OTRI UMA. Tienda de patentes. Área Genética.

MÉTODO DE PREDICCIÓN O PRONÓSTICO DEL RIESGO DE RECAÍDA EN PACIENTES CON TUMORES DE CÉLULAS GERMINALES NO SEMINOMA TRAS ORQUIECTOMÍA

26 de enero de 2021

En la actualidad, el 90% de los tumores cancerosos de testículos se originan en células germinales, siendo los tumores más frecuentes en varones jóvenes. Estos, a su vez, pueden ser de células seminomas y no seminomas, ocurriendo en un número similar de veces los desarrollados en uno u otro tipo de células. Los tumores germinales no seminomas suelen tener una velocidad de crecimiento mayor a los seminomas. El tratamiento general para este tipo de cánceres es la orquiectomía, sin embargo, un porcentaje de estos pacientes sufren recaída y necesitan una terapia adyuvante en su tratamiento. Para determinar qué pacientes tienen mayor riesgo de recaída y proceder a un tratamiento más adecuado y personalizado, se ha desarrollado un método basado en la expresión de un conjunto de genes, que permite seleccionar aquellos pacientes con un mayor riesgo de recaída para darles un tratamiento adyuvante. Esta invención permite la detección de pacientes con mayor y menor riesgo de recaída, así como el desarrollo de un kit que permita y haga más rápida la detección de este riesgo.

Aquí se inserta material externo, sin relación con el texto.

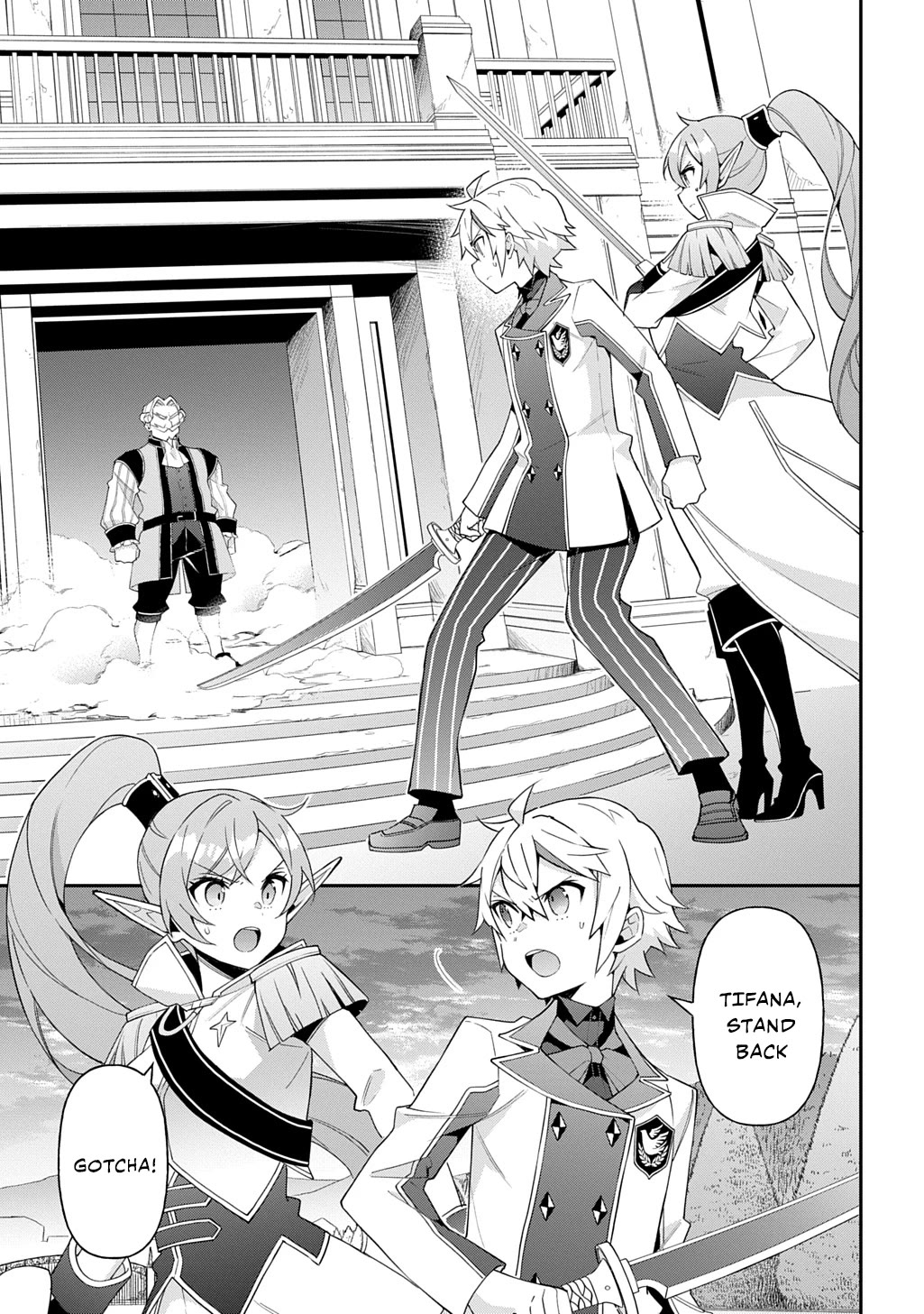 Tensei Kizoku no Isekai Boukenroku ~Jichou wo Shiranai Kamigami no Shito~ chapter 67 page 5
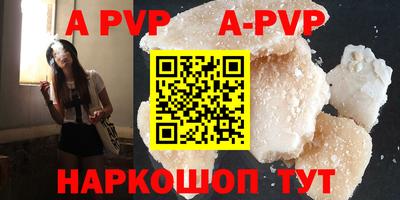 бошки Балашиха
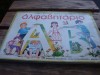 Alfabetar - Abecedar - in greaca - 1980, Alta editura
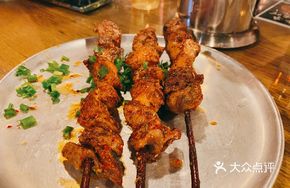 Wulate Large Lamb Skewers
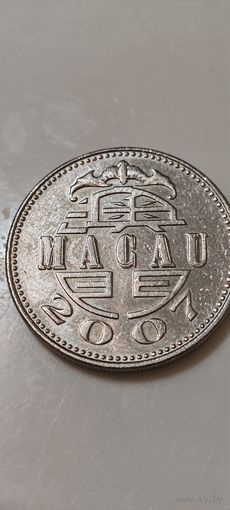 Макао 1 патака 2007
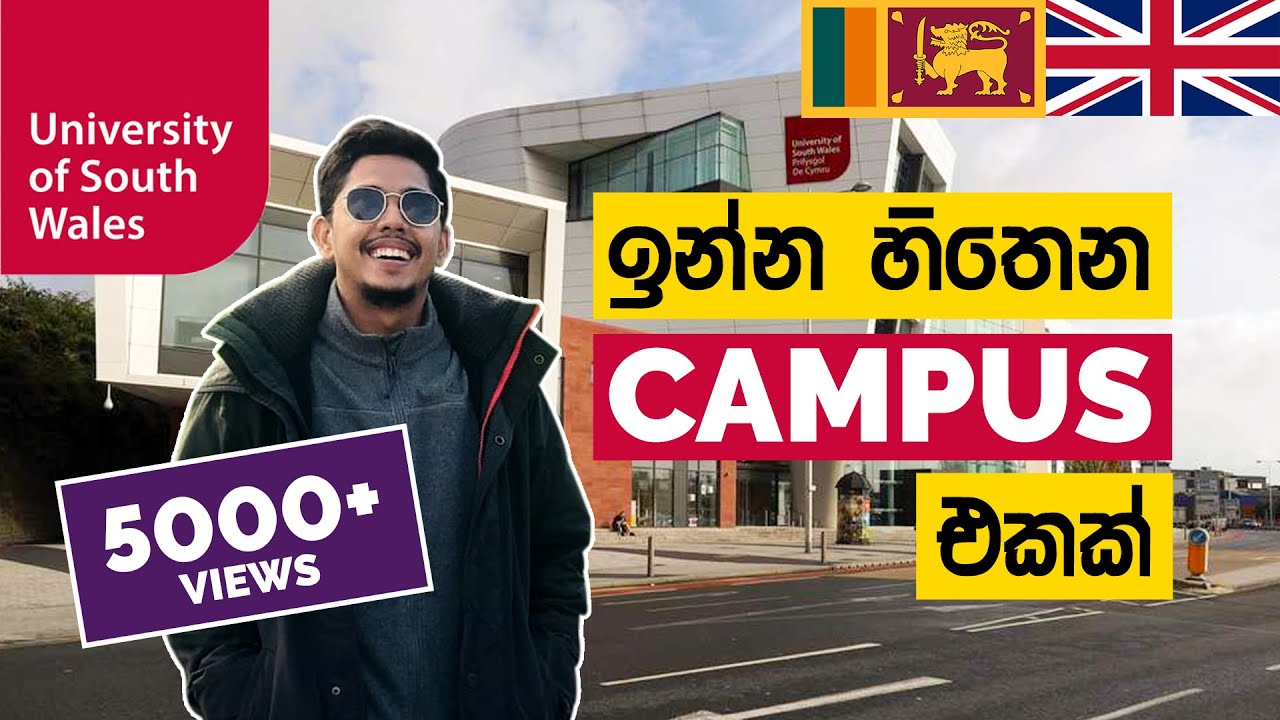 University of South Wales - Campus Tour - YouTube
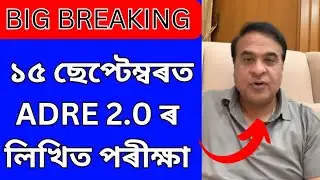 ADRE-2 exam date released 🔥🔥১৫ ছেপ্টেম্বৰত ADRE 2.0 ৰ লিখিত পৰীক্ষা🔥🔥🔥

MÉTODO PARA PREDECIR LA RESPUESTA DEL CÁNCER AL TRATAMIENTO CON INMUNOTERAPIA CON ANTI-PD1

16 de marzo de 2020

El cáncer es una de las enfermedades más estudiadas en los últimos años, debido a su gran incidencia y mortalidad. El uso de inhibidores de control inmunitario, ICB por sus siglas en inglés, ha revolucionado el tratamiento del cáncer, ya que se ha demostrado una aceptable toxicidad y una respuesta duradera en respondedores. El uso del inhibidor del ligando de muerte programada (anti-PD1) es un tratamiento común en pacientes con melanomas avanzados, del que se ha visto que se obtiene un 20% más de tasa de respuesta que con quimioterapia y con mejor tolerabilidad. Sin embargo, un porcentaje de los pacientes son insensibles o desarrollan resistencia, por lo que es necesario tener un patrón de biomarcadores predictivos que permita decidir el uso o no de anti-PD1. En esta invención se identifica un perfil de biomarcadores moleculares, que permite clasificar a los pacientes según su perfil de respuesta, basado en variaciones de expresión génica.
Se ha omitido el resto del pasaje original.